Missing a hospital outpatient appointment can delay recovery and rehabilitation, as well as being costly to the NHS and preventing someone else from being seen.
For these reasons work was carried out at Edenbridge and District War Memorial Hospital, to see why some patients staying there for a short time, after being discharged from acute hospitals, were nearly missing their outpatient appointments at other hospitals and clinics – and to see how improvements could be made.
The aim, at Kent Community Health NHS Foundation Trust (KCHFT), was to make things better for patients, in line with the trust’s We care strategy and to reduce the time the ward clerk was spending chasing outpatient appointment information. On occasions, it could take up to two hours to track information down, for just one person.
With some, the issue was that appointments were being sent to home addresses, when the person was in hospital. The patient and colleagues at Edenbridge hospital were then reliant on family, friends or neighbours picking up the post and passing the information on.
Speciality Doctor Rumbidzai Chineka and ward clerk Rachael Tufo, who led the work, also found clearer information on the electronic discharge note would help, along with the different systems used by hospitals and healthcare providers being able to share information better.
The pair put a number of changes in place.

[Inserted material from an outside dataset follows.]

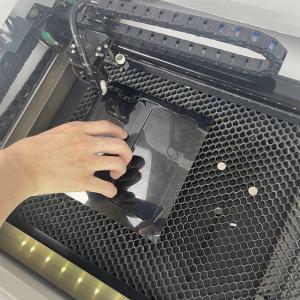 China 25x36 Screen Protector Laser Cutting Machine Daqin Mobile Skin Software Free Download C188 wholesale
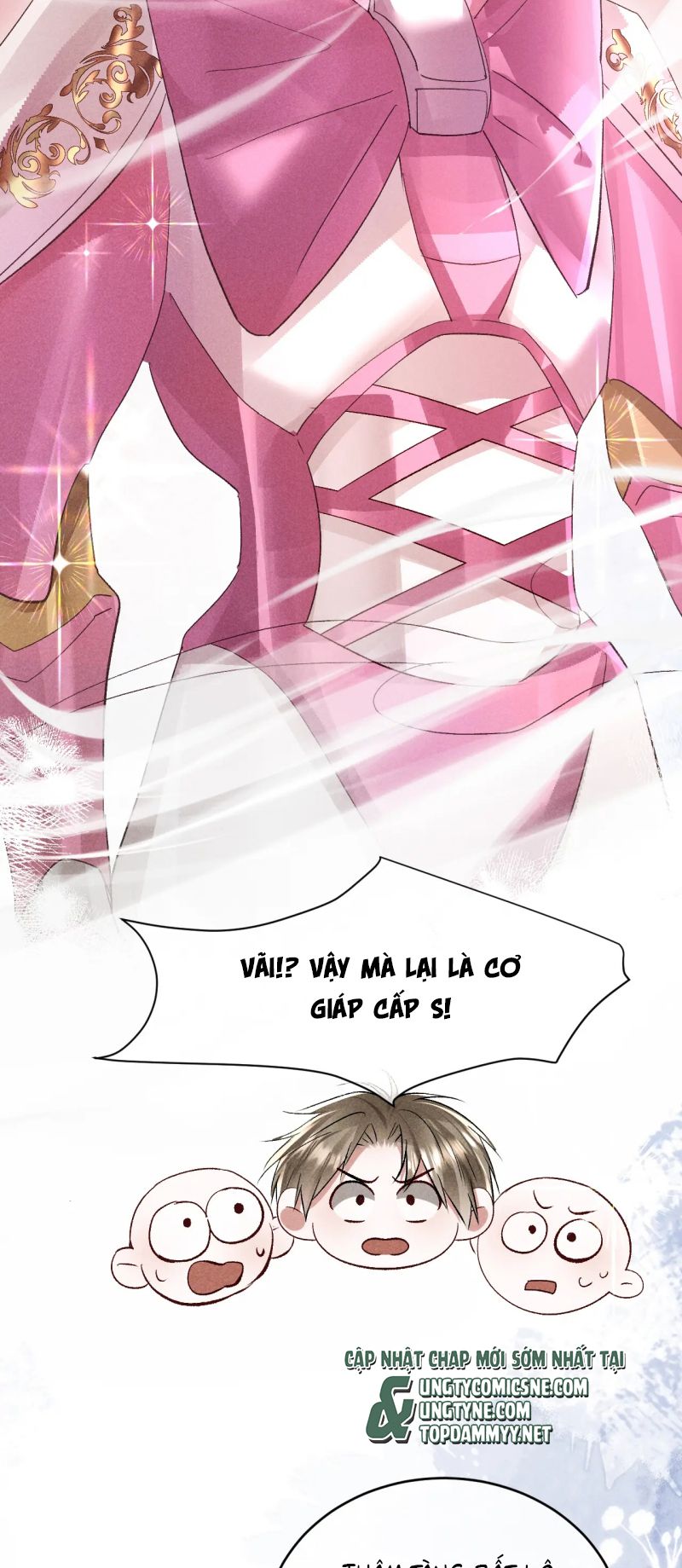 Quan Chỉ Huy Cao Lãnh Hễ Hôn Là Khóc Chapter 19 - Trang 26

These included:
- asking families and carers to share information which had gone to a home address
- asking acute hospitals to add more detailed information to the electronic discharge note
- the ward clerk having access to a range of patient information systems
- the ward clerk arranging for some appointments to be carried out virtually, where possible
- community hospital staff knowing who to contact at acute hospitals regarding outpatient appointments.
The work was carried out between July 2022 and July 2023.
Dr Chineka said: “We found that the electronic discharge notice might say an outpatient appointment had been made, but it didn’t say where or when. We would then have to spend a lot of time chasing these details, if the patient did not know.
“The systems we were using didn’t pick up all appointments and we found that some orthopaedic virtual fracture clinics and some specialist appointments did not appear.
“However, since we have made changes, things are now much better and have greatly improved. Another thing that helped was that in the patient welcome pack we added a note to families to let us know of any appointments coming up which they were already aware of.
“We’ve been very proactive, as knowing when appointments are coming up gives the team time to organise attendance.”
Next, the improvement will be shared with KCHFT’s other community hospitals. Issues around there being further improvements to IT systems being synchronised across the trust have been raised with the KCHFT RIO super user group. RIO is the trust’s Electronic Patient Record (EPR system.
The work was carried out as a quality improvement (QI) project. Dr Chineka has previously completed the trust’s QI Fundamentals training. A driver diagrams and plan, do, study, act (PDSA) cycles were used to help with the project, as well as there being support from QI advisor Robyn Shelmerdine.